▶ [Exercise material]:
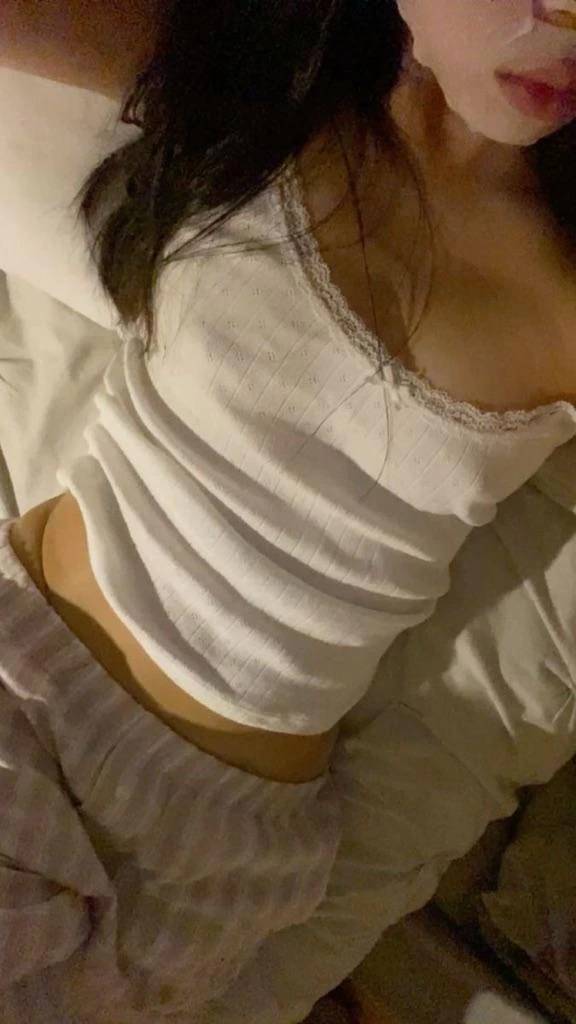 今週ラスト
...
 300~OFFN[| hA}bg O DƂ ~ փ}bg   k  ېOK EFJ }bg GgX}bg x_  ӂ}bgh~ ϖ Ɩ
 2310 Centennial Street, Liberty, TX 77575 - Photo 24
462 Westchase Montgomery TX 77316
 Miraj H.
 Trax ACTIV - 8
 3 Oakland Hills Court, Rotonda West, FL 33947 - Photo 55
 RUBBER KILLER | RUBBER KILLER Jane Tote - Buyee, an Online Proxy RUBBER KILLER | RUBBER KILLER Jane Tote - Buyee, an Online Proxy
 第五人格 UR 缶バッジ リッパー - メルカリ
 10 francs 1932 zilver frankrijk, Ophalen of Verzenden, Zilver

▶ [The problem]: The required answer is the run of lines above, starting at the line with "第五人格 UR 缶バッジ リッパー - メルカリ" and ending at the line with "10 francs 1932", reproduced exactly with both ends.

▶ [Expected answer]:
 第五人格 UR 缶バッジ リッパー - メルカリ
 10 francs 1932 zilver frankrijk, Ophalen of Verzenden, Zilver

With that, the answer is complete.